Material for this task:
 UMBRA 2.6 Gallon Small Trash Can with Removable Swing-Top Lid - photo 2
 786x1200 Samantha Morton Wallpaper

--

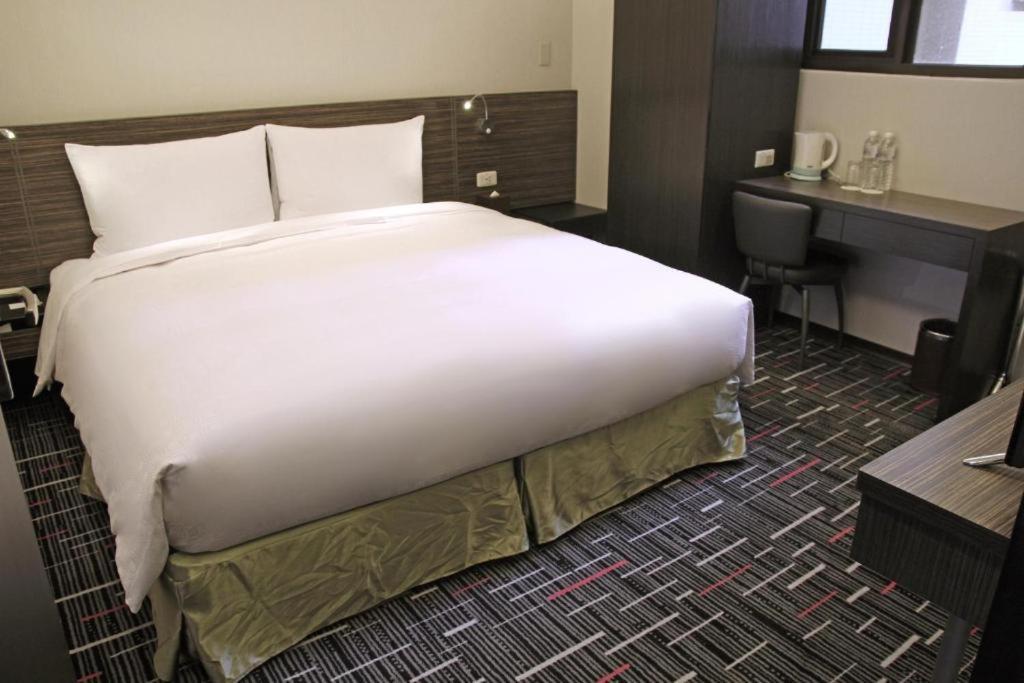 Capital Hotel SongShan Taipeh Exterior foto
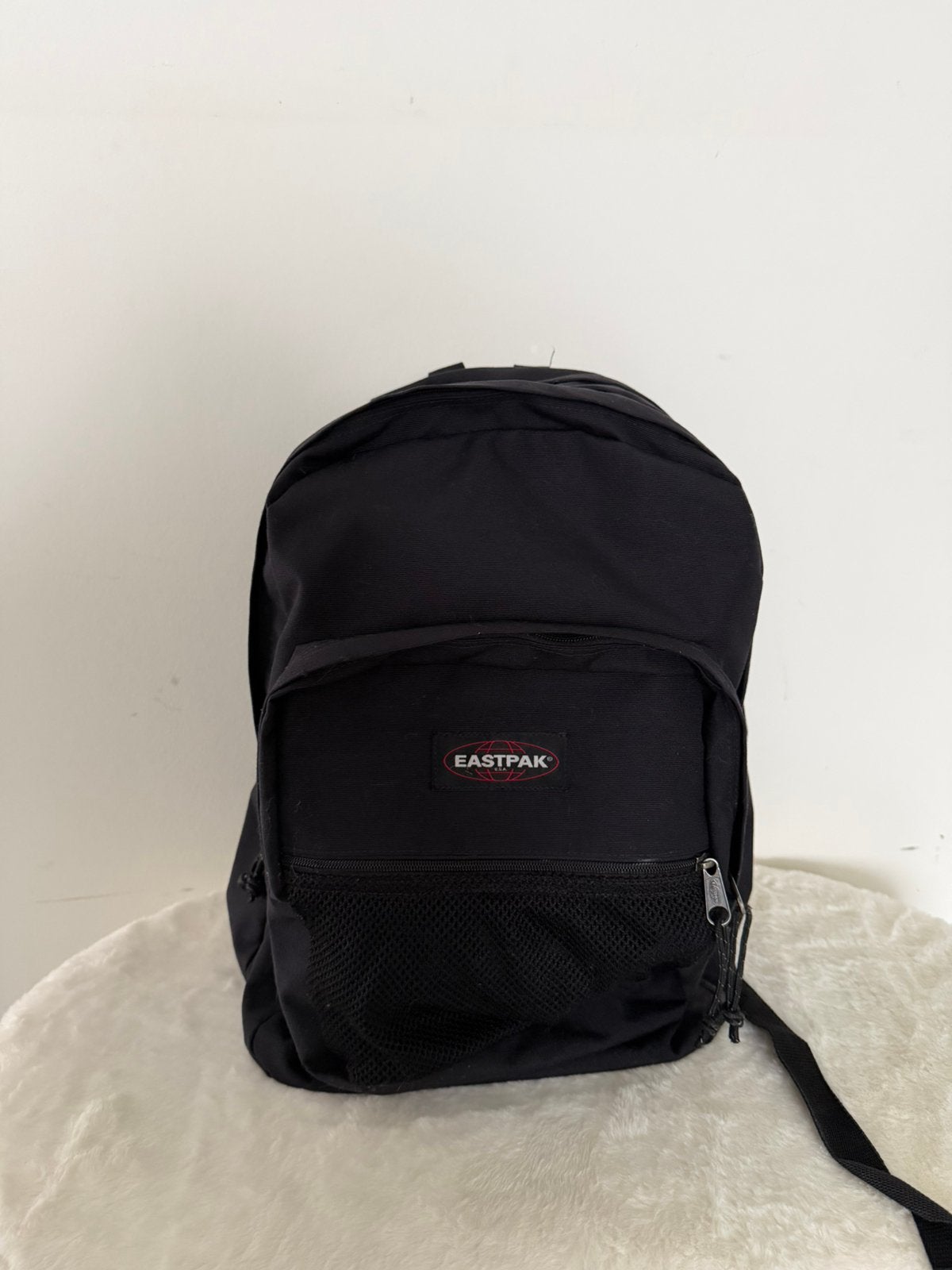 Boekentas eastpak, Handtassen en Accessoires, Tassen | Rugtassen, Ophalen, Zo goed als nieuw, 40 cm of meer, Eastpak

What is required: Retype only the stretch of lines above starting at the one with "UMBRA 2.6 Gallon" and stopping at the one with "786x1200 Samantha Morton Wallpaper", exactly as written, with both kept.

Expected output:
 UMBRA 2.6 Gallon Small Trash Can with Removable Swing-Top Lid - photo 2
 786x1200 Samantha Morton Wallpaper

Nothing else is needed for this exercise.